Listing more differences between legacy newsrooms and start-ups, or what Gottschalk calls the “role models,” he said legacy newsrooms also separate editorial stories into traditional categories, keep distance from business insights, and make top-down decisions. Traditional structure keeps the news team too far away from crucial data that should inform strategy.
“I think that the editors, the journalists, must not just be part of the data management, but at the center,” he said.
Giving an example, Gottschalk talked about My Little Paris, a digital brand that began as a newsletter with tips and insider information about Paris. Fany Péchiodat, the newsletter’s founder, built a community around her newsletters and then offered a subscription box. For €10 a month, Péchiodat sends subscribers beauty items they may like. Of her 1.8 million newsletter subscribers, 80,000 signed up for the box offering.
Off of one story per day, Péchiodat built a €10 million per year business. How was she able to do this? Gottschalk said it boils down to relationships: Péchiodat produces tempting stories that affect everyday life.
The mindset of “What can we sell to readers?” is outdated, Gottschalk said. Instead, the main point is: “How do our readers want to be approached?”
Being invited into someone’s inbox is like being invited into their living room. To demonstrate this, Gottschalk asked the audience to open their email inbox on their phone and then pass the phone to the person on their right. He was met with uncertain laughter. “Now you’re getting nervous,” he joked.

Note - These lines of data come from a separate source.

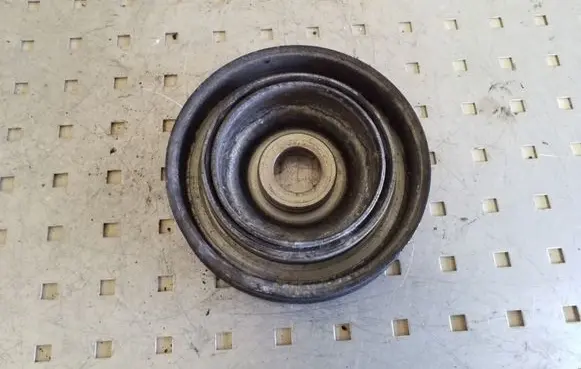 Peugeot 5008 Crankshaft pulley 9681640880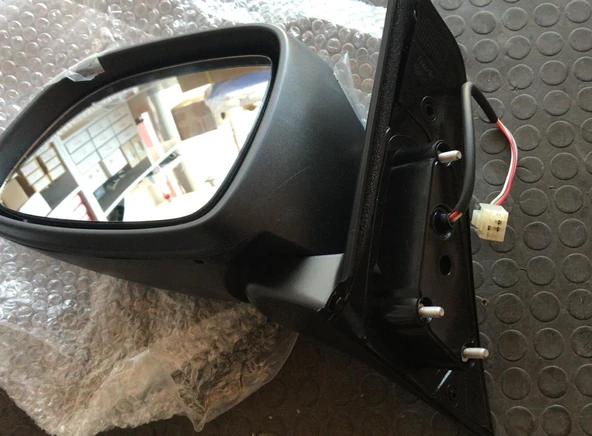 Suzuki SX4 06-12 sedici AYNA Elektrikli Sol Kare Soket - 2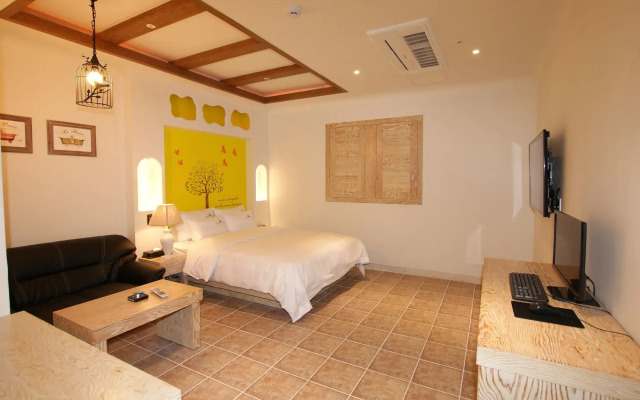 River Hotel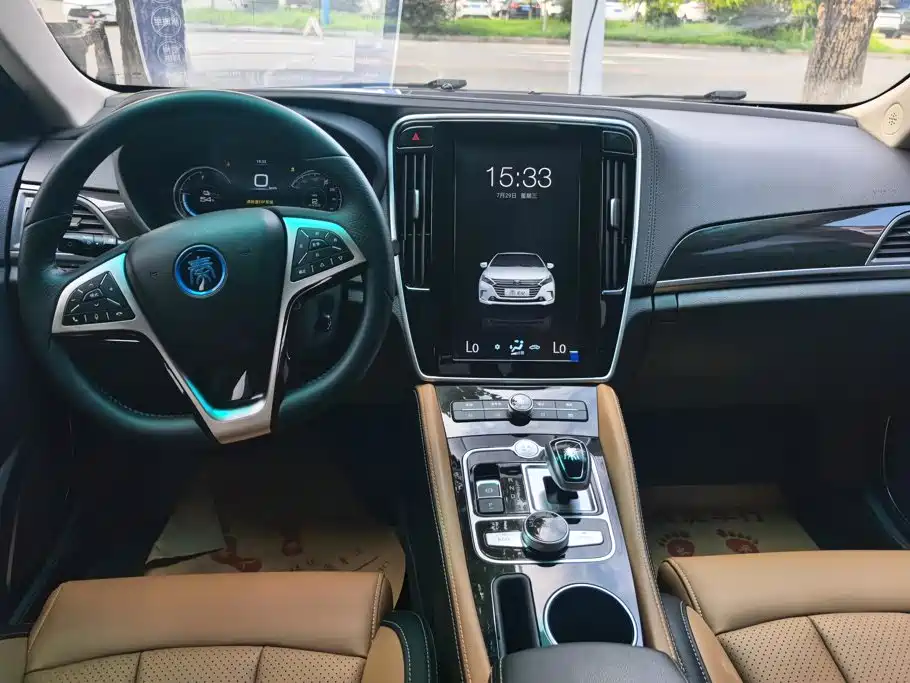 BYD Qin NEV 2018 — фото 12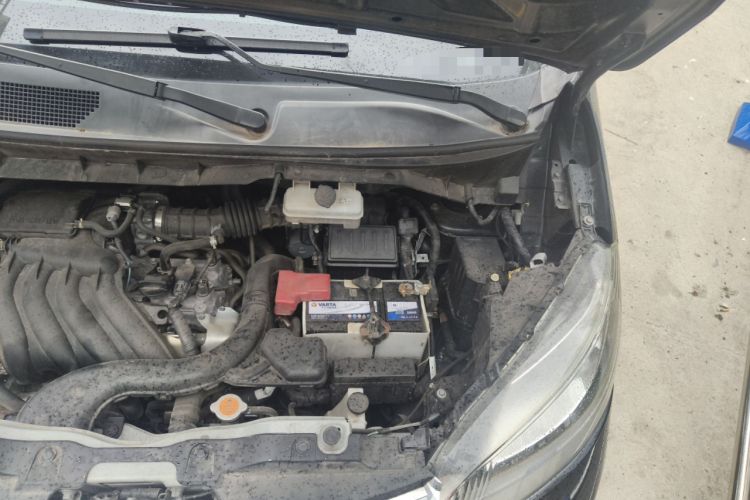 Used Nissan NV200 2018 1.6L CVT Luxury Model Engine Bay Left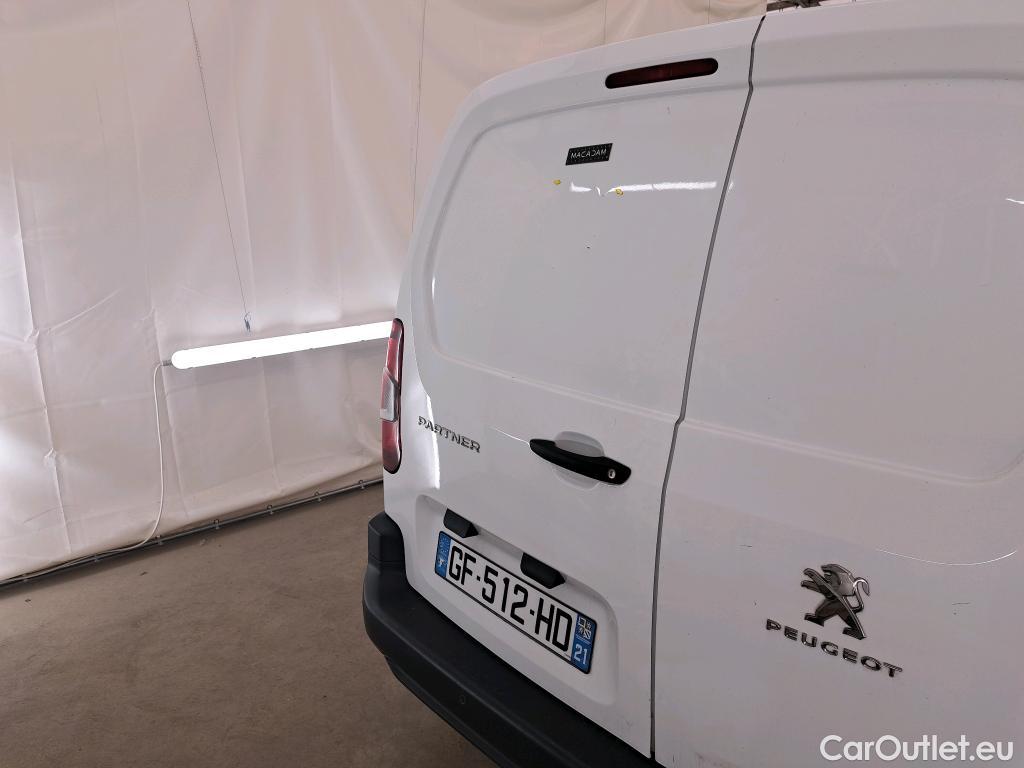  Peugeot  Partner PEUGEOT  / 2018 / 4P / Fourgonnette BLUEHDI 100 S&S LONG 950KG PREMIUM #3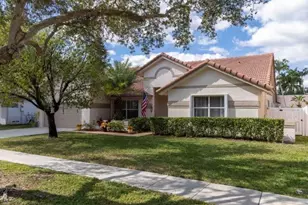 590 NW 161st Ave, Pembroke Pines, FL 33028 - Photo 1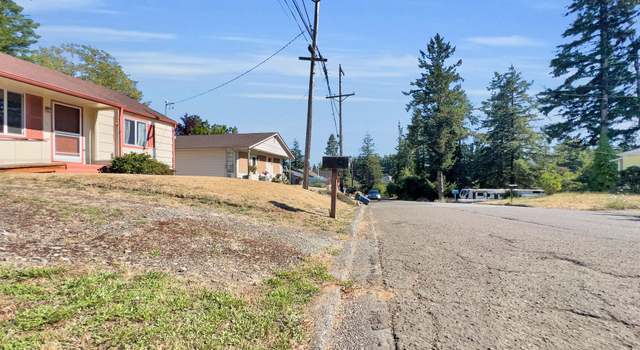 Photo of 1548 N Ivy St, Coquille, OR 97423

There is value created when a subscriber invites your brand into their inbox. Gottschalk’s own company, a football newsletter start-up called Fever Pit’ch, would not exist without a strong brand and a community he has developed on Facebook. This community helped him choose the name for his company, signifying a relationship that is not one-sided.
Within one year, with the publication of Fever Pit’ch’s 240th issue, the brand has hit 10,000 subscribers and has a 30%-50% open rate. Dedicated brand and community building efforts are getting him closer to his monetisation goals, Gottschalk said: “By creating engagement and value, I am closer and closer to small payments and membership.”